• **WORK REQUEST**
Reproduce, from the lines below, exactly the stretch that begins at the line containing "3 bedroom end" and ends at the line containing "Khám phá 7 cách", both included.

• **Collection entries**

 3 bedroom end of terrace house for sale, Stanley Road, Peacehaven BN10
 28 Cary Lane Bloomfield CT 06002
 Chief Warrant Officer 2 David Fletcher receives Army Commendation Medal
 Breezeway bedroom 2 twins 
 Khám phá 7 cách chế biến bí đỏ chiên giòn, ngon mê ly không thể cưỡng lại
==
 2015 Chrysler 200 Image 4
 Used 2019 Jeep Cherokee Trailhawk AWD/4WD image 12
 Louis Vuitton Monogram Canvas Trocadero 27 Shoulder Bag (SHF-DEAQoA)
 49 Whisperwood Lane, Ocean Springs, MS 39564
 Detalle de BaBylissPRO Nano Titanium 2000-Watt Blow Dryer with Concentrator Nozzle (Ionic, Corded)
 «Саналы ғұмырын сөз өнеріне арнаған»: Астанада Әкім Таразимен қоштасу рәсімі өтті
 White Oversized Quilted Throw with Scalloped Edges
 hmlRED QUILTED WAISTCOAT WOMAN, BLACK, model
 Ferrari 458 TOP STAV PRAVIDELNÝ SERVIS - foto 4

• **YOUR SOLUTION**
 3 bedroom end of terrace house for sale, Stanley Road, Peacehaven BN10
 28 Cary Lane Bloomfield CT 06002
 Chief Warrant Officer 2 David Fletcher receives Army Commendation Medal
 Breezeway bedroom 2 twins 
 Khám phá 7 cách chế biến bí đỏ chiên giòn, ngon mê ly không thể cưỡng lại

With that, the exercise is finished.